Analyst Cameron Crise: Fed may be forced to raise rates sharply in September or beyond if inflation doesn't subside over summer

If inflation doesn't subside over the summer, the Fed could be forced to raise rates sharply in September or beyond. This is not reflected in market pricing, so the September FOMC meeting will need to focus on the Fed's reaction and market risk. Of course, it's not shocking that Powell sounds tough. He noted that the FOMC would not hesitate to exceed the neutral rate if needed. Of course, no one really knows where the neutral rate will be in the short run, although the committee believes that in the long run, the nominal neutral rate is around 2.375%-2.5%.

Analyst: If Bullard's yield forecast is accurate, stock market rally won't last

Stocks rallied again on Tuesday, but if St. Louis Fed President Bullard is right, the rally won't last long. Bullard expects upward pressure on yields as central banks shrink their balance sheets.
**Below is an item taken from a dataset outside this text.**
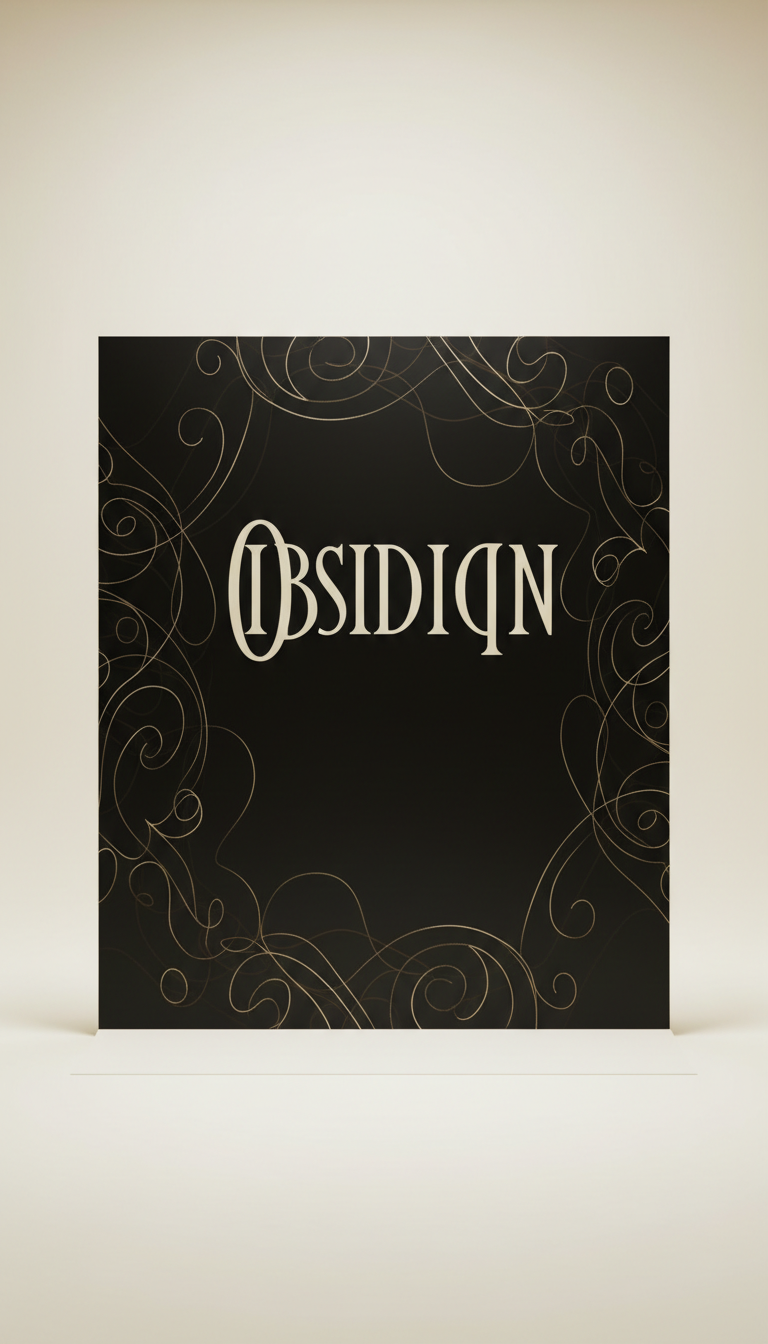 Obsidian Black Backdrop with Gold Linework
Policymakers need to focus on the impact of "global quantitative tightening" as other central banks are also shrinking their balance sheets. The prospect of Fed tightening has already been reflected in the market;

This means that the balance sheet, not the interest rate outlook, will be the main force driving the market. The 10-year U.S. Treasury yield could rise above 3%, and the dollar could resume its gains. The stock market rally we've seen may just be a pause in a broad market sell-off.
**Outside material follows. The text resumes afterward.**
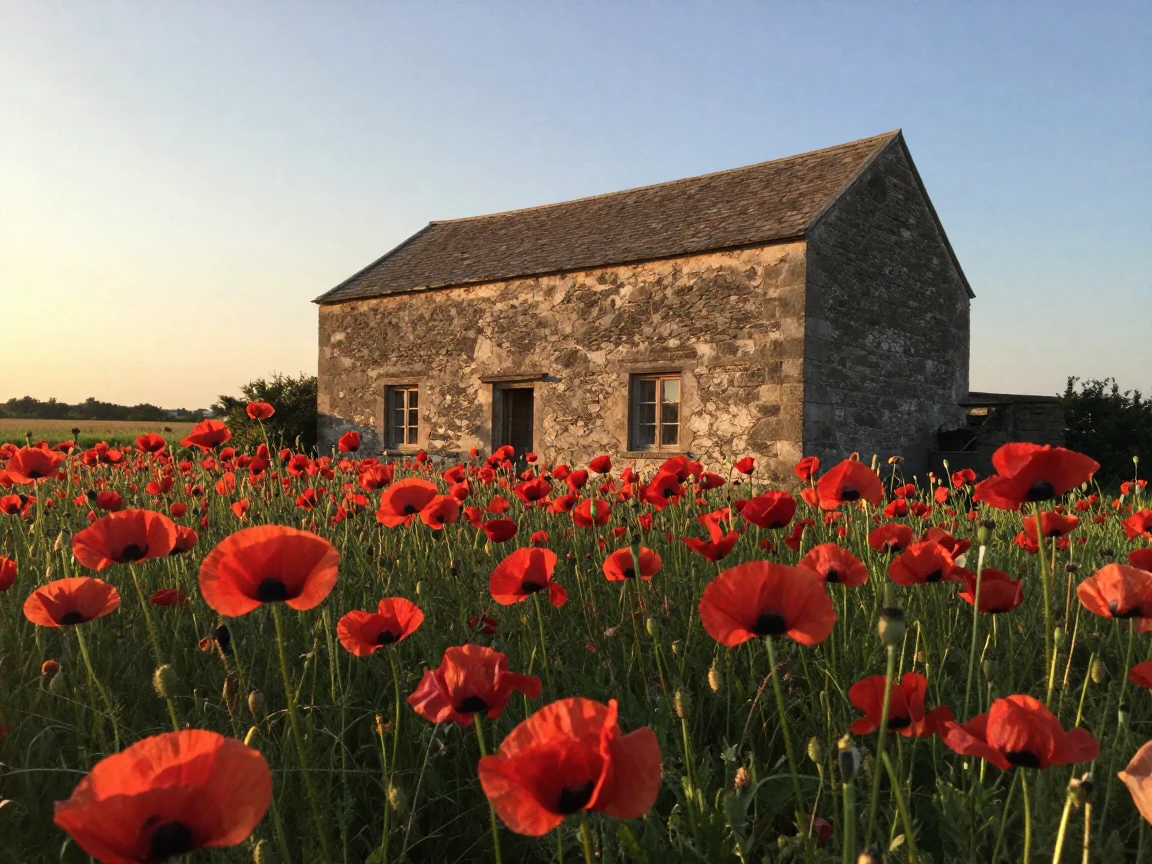 A field of red poppies sways beneath an old stone farmhouse at golden hour.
Analyst Divyang Shah: ECB more likely to raise rates by 50bps in September

Today's speech by the hawkish ECB Governing Council member Nott made a 50-basis-point rate hike possible at the July meeting, and bets now point to a 15% chance of a 50-basis-point rate hike by the ECB. We think the ECB is more likely to start with a 25bps rate hike and will consider a larger 50bps hike at its September meeting, and if that happens, a 50bps hike in December The possibility should not be ruled out either.